The Easy Publish and Consume Library is intended to provide an easy method to
- publish data per HTTPS
- announce that information via DNS-SD,
- find that information
- and finally consume it
When using that library you shall not bother about boring details like properly using Avahi or setting up SSL/TLS certificates. All you should do to let your application publish information to the network, is writing the following three commands:
publisher = epc_publisher_new ("Easy Publisher Example", NULL, NULL);
epc_publisher_add (publisher, "Hello", "World!", -1);
epc_publisher_run_async ();
Once you have done this, your application runs a HTTPS server, announcing itself to the local network via DNS-SD and publishes the information World! under the key Hello.
Retrieving values shouldn't be harder:
consumer = epc_consumer_new_for_name ("Easy Publisher Example");
value = epc_consumer_lookup (consumer, "Hello", &length, &error);
As those examples are working now, we Openismus guys would highly welcome some feedback - I even added e-mail notifications to my site to allow real discussion.
Well, maybe it should be noted, that libepc isn't meant to replace desktop configuration daemons like GConf or Ryan's dconf initiative. This library just is a simple method for publishing byte arrays and maybe UTF-8 strings to your network. No support for integers, booleans, no schemas. It's fully up to you, how to use the data published.
- Source code is available: git clone http://taschenorakel.de/git/libepc
- Alternatively you can get tarballs: libepc-0.2.tar.bz2 (Signature), git snapshots
- Maybe more important at this stage: The Reference Manual
- And code examples: list-resources.c, lookup-resource.c, simple-publisher.c, consumer-ui.c
This locations at taschenorakel.de are just temporary locations, if nobody disagrees I'd like to upload this library to the GNOME servers as soon as possible.
Oooh, very interesting.
Any examples of what cool things it could be used for would certainly help it being adopted. Right now, I don't see anything interesting over using Avahi directly, especially when creating a new service.
See also local-export-daemon,
http://svn.mugshot.org/local-export-d...
http://log.ometer.com/2007-06.html#23.3
Same idea but uses a single dbus server rather than per-app http server. And no crypto, I guess. (But since there's no auth for local-export-daemon, the crypto doesn't matter much, since anyone can connect anyway.)
s/DNS-DS/DNS-SD/
Bastien, avahi just lets you publish and find the service. This does that (via avahi, but more simply), and actually provides the network service and client to use what you've found.
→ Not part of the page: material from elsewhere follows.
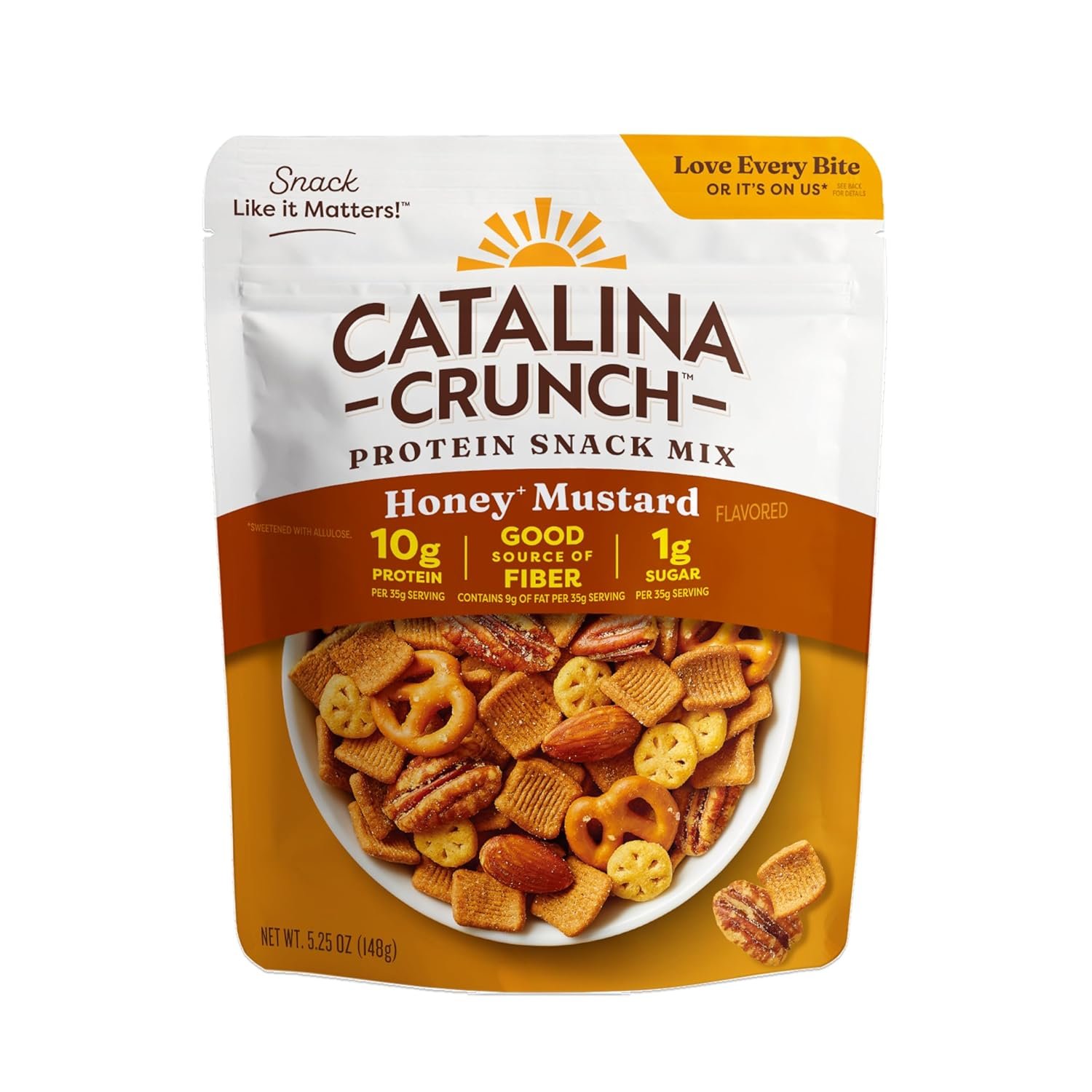 Catalina Crunch Protein Snack Mix – 10g Protein, 1g Sugar per Serving – Good Source of Fiber, Gluten Free – Honey Mustard, 5.25 Ounce Bag (Pack of 1) – Packaging May Vary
We'll be using it in Glom so that Glom clients can connect to other Glom instances and open their Glom documents over the network.
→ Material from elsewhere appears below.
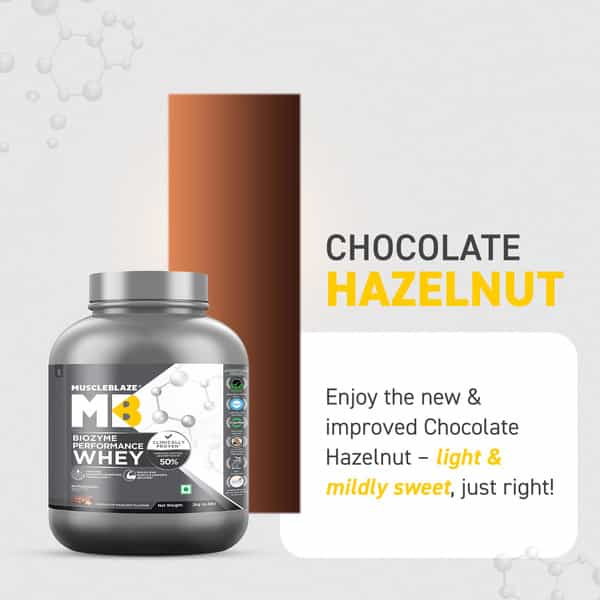 Muscleblaze Biozyme Performance Whey Protein Powder | Chocolate Hazelnut (2Kg) | 25G Protein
Havoc, yes, we saw that, but we wanted something simpler and self-contained.
Havoc: As you might have figured on IRC, I was playing with D-Bus initially. It is good stuff, but D-Bus absolutly isn't designed for network usage. Yes, it offers a TCP/IP transport, but as you mentioned already there is no encryption, and there is no remote authentication[1].
So instead of re-inventing the wheel by glueing D-Bus with gnutls and implementing for instance digest authentication, we have choosen to be good engineers, and placed our code on top of existing code (libsoup, Avahi) which has the features we need: Networking, encryption, remote authentication.
[1] Authentication in D-Bus isn't based on username/password tokens, but on local user or process ids. The reasoning behind using surrogate keys (user ids), instead of the real primary key (user name) is absolutly beyond my scope. Specially when you look at the code uglyness it causes for instance, when trying Windows support.
Bastien: It makes me quite speechless, that you are not impressed by seeing the entire HTTPS and Avahi setup code to one single statement:
publisher = epc_publisher_new ("Easy Publisher Example", NULL, NULL);
Incomplete and inrobust service publication takes about 200 lines of code with AvahiClient (http://avahi.org/browser/trunk/exampl...). EpcDispatcher, which should be more robust and developer friendly, even needs 450 lines of code: http://taschenorakel.de/gitweb/?p=lib...
Creating and reusing self-signed certificates also isn't trivial: http://taschenorakel.de/gitweb/?p=lib...
>Bastien: It makes me quite speechless, that you
>are not impressed by seeing the entire HTTPS
>and Avahi setup code to one single statement:
I do am really impressed, this is the kind of api that permits the normal developer to do rapid development, these are the apis that incentivates doing applications.
Mathias, I wasn't impressed before as you didn't explain what this library did properly. To me, it looked more or less like bolting on random (small) data onto an Avahi record.